Gunung Gamalama, Mahkota Alam Ternate nan Menjulang dalam Lintasan Sejarah

Gunung Gamalama, Mahkota Alam Ternate nan Menjulang dalam Lintasan Sejarah

VOC Belanda yang kemudian menggantikan dominasi Portugis juga mencatat letusan-letusan Gamalama dalam arsip mereka, karena setiap letusan memiliki dampak langsung terhadap kehidupan penduduk, jalur perdagangan, dan kondisi sosial-politik di pulau tersebut.

Letusan terbesar tercatat terjadi pada tahun 1775 dan beberapa kali di abad ke-20 dan 21, menyebabkan kerusakan dan korban jiwa, namun juga membentuk hubungan unik antara manusia Ternate dengan gunung yang mereka anggap sebagai entitas hidup dan sakral.

Dalam budaya lokal, Gunung Gamalama dipandang sebagai makhluk agung yang harus dihormati, dijaga, dan dimintai izin dalam setiap aktivitas besar yang melibatkan alam. Lebih dari sekadar fenomena alam, Gunung Gamalama adalah simbol keagungan, daya cipta, dan sekaligus daya rusak yang ditakuti namun dicintai oleh masyarakat Ternate.

Gunung ini menjadi bagian dari narasi sejarah yang lebih besar: dari zaman kejayaan Kesultanan Ternate yang menguasai jalur perdagangan cengkeh di Asia Tenggara, hingga masa kolonial ketika Portugis dan Belanda membangun benteng-benteng di sekeliling kaki gunung untuk mengamankan kepentingan ekonomi dan militer mereka.

Letusan Gamalama yang tercatat secara rutin selama masa kolonial bahkan menjadi semacam penanda waktu dalam kronik sejarah Maluku. Hari ini, Gamalama masih tetap aktif, dan aktivitasnya dipantau ketat oleh Badan Vulkanologi Indonesia.

Namun bagi masyarakat setempat, gunung ini bukanlah ancaman semata, melainkan penjaga pulau dan lambang kekuatan leluhur. Upacara adat pun terkadang dilakukan sebagai bentuk penghormatan kepada roh Gamalama, untuk meminta perlindungan dan keberkahan dari alam yang mereka yakini sebagai bagian dari kehidupan spiritual sehari-hari.

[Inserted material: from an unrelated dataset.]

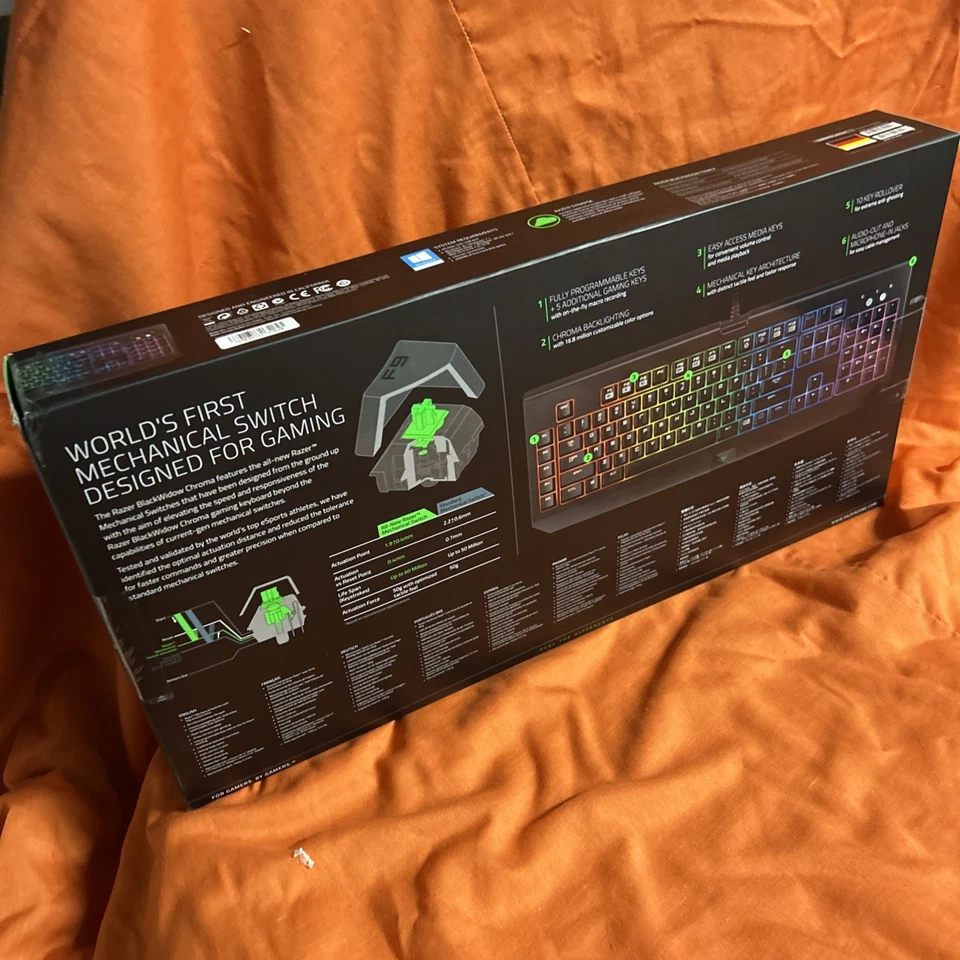 Razer blackwidow chroma German Layout Gaming Keyboard - Image 3 of 3
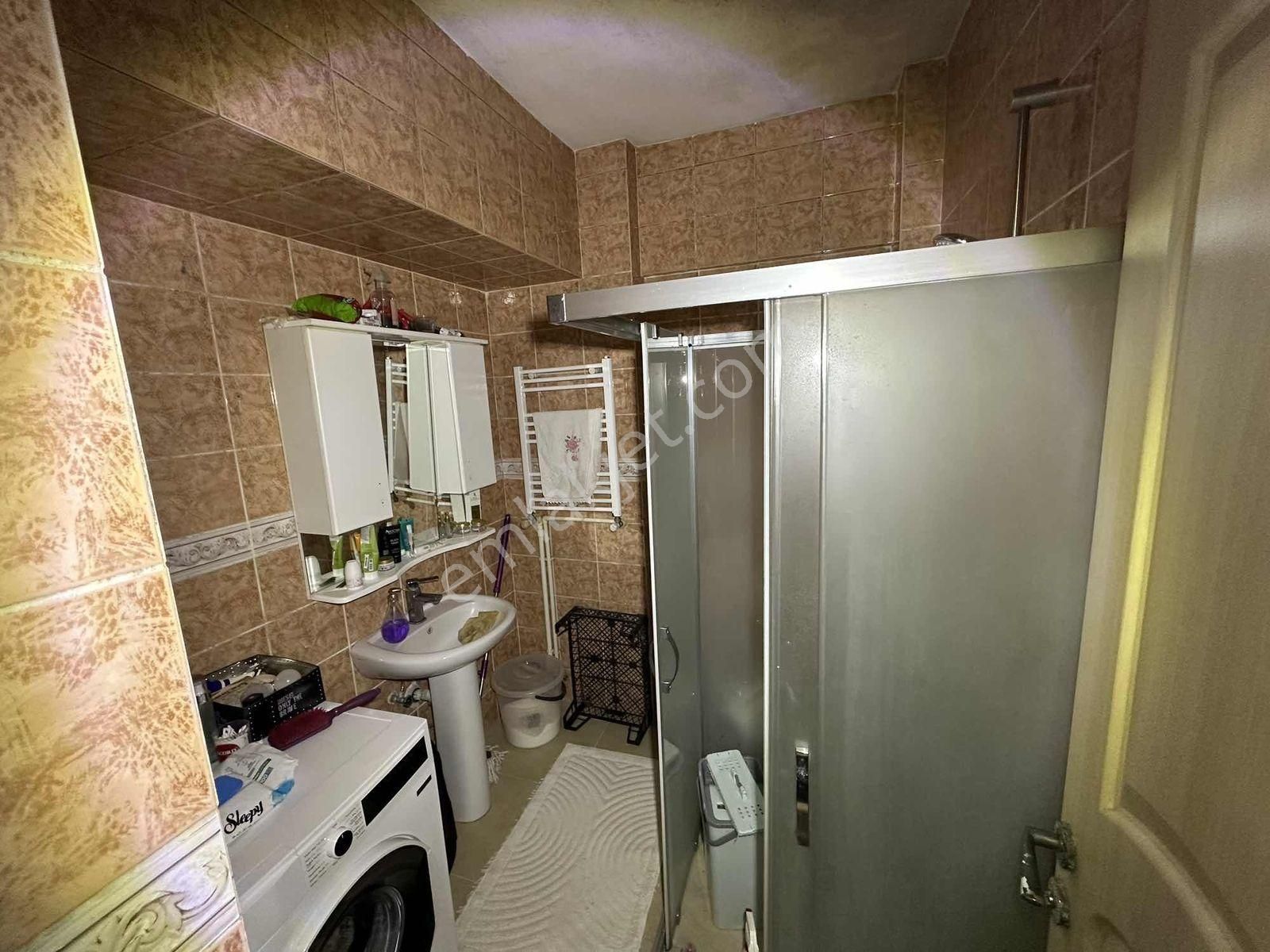 Valide-i Atik Mahallesinde Geniş 2+1 Daire - Görsel 5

Di tengah arus pariwisata yang mulai berkembang di Maluku Utara, Gunung Gamalama menjadi magnet utama bagi wisatawan yang mencari pengalaman alam dan sejarah yang autentik.

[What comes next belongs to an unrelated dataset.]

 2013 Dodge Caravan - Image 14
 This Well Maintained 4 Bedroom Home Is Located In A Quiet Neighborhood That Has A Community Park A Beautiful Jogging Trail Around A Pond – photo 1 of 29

Keindahan lerengnya yang hijau, kekayaan sejarah di sekitarnya, serta cerita-cerita mistis yang masih hidup dalam memori kolektif masyarakat Ternate menjadikan gunung ini sebagai destinasi yang tak hanya menawarkan panorama, tetapi juga pelajaran hidup.

Setiap langkah di kaki Gamalama adalah perjalanan menyusuri jejak masa lalu, dari benteng-benteng tua peninggalan kolonial, pemukiman adat, hingga kebun cengkeh yang mewangi sepanjang jalan. Gunung ini mengajarkan bahwa keindahan tidak selalu hadir dalam bentuk yang jinak, melainkan sering kali menyatu dengan kekuatan dahsyat yang justru membentuk kehidupan.

Maka dari itu, Gunung Gamalama bukan hanya puncak tertinggi di Ternate, tetapi juga puncak dari seluruh cerita tentang kekayaan alam, spiritualitas, dan sejarah panjang yang membentuk identitas Maluku hingga hari ini.